Un chapeau léopard
Un chapeau léopard
Extrait
(Mercure de France, 2008)
« Avant de mourir un soir de mars, Fanny vécut quarante-trois ans sans que son destin, d’abord plein de promesses, semble s’améliorer au cours du temps, bien au contraire. Ce fut une longue, très longue, lente et inexorable chute. Elle réagit toujours très intelligemment et avec à propos : un espoir se présentait-il ? Elle le saisissait à pleines mains et ne le lâchait pas. Mais l’espoir, dès qu’elle le saisissait, diminuait, se délitait et s’effondrait en poussière. Elle se conduisit aussi toujours avec courage : devant ces mille morts répétées elle n’abandonnait pas, ne renonçait pas ».
« Pendant vingt ans, quinze ans, et de plus en plus intensément avec le temps, le Narrateur eut les yeux fixés sur Fanny, son amie ». Alors le Narrateur fait son travail de narrateur : il revoit, il raconte. Il la revoit ou plutôt, il les revoit toutes : la Fanny d’avant, celle d’avant les troubles, d’avant « la vie difficile », la rieuse, la cinglante, la nageuse, la chapardeuse qui, un jour, a volé un chapeau léopard. La femme qui enfant, se faisait appeler Felix, jouait du piano. Une femme morte à quarante-trois ans. Entre eux, les rôles sont distribués depuis longtemps : elle l’errante, lui le fiable. Les mots du vieil ami sont toujours ceux de la littérature, jamais ceux de la psychiatrie.
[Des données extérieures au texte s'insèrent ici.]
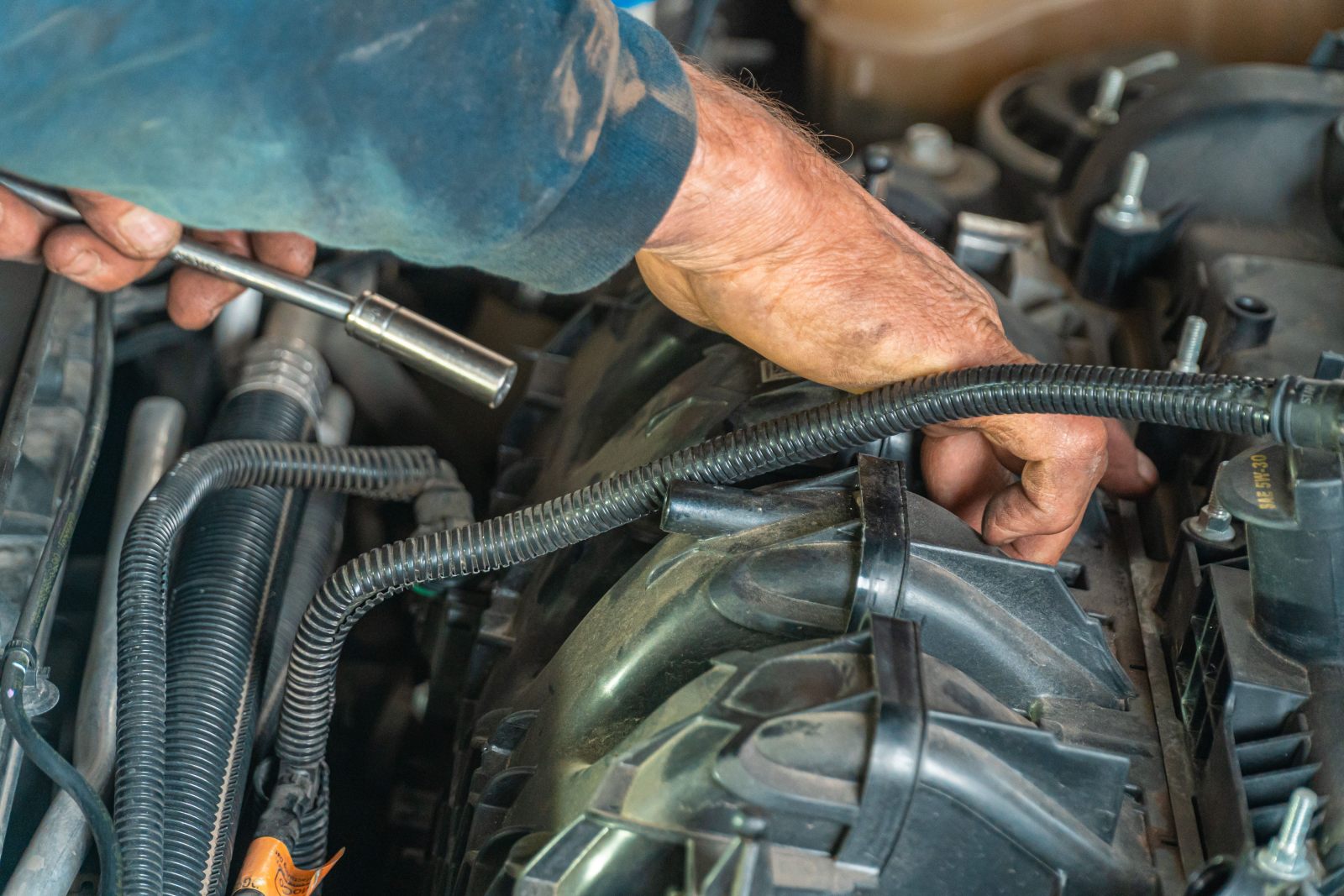 Mécanique générale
La schizophrénie de Fanny est ici une fiction, pas une maladie mentale ».
Livres Hebdo, Véronique Rossignol, 9/05/2008
« Anne Serre prend au masculin la fonction du Narrateur, compagnon fraternel, tendre et protecteur d’une amie de toujours attachante, difficile, déroutante, secrète, impérieuse (…) La mort qu’a fini par se donner cette amie à peine plus jeune que le Narrateur n’est pas la fin du récit, mais le point de départ endeuillé d’une ferme remontée en vrille dans le pourquoi de ce destin. Un chapeau léopard est un chef-d’œuvre de naturel, d’émotion et d’élégance qui consomme et accomplit toute une expérience intérieure ».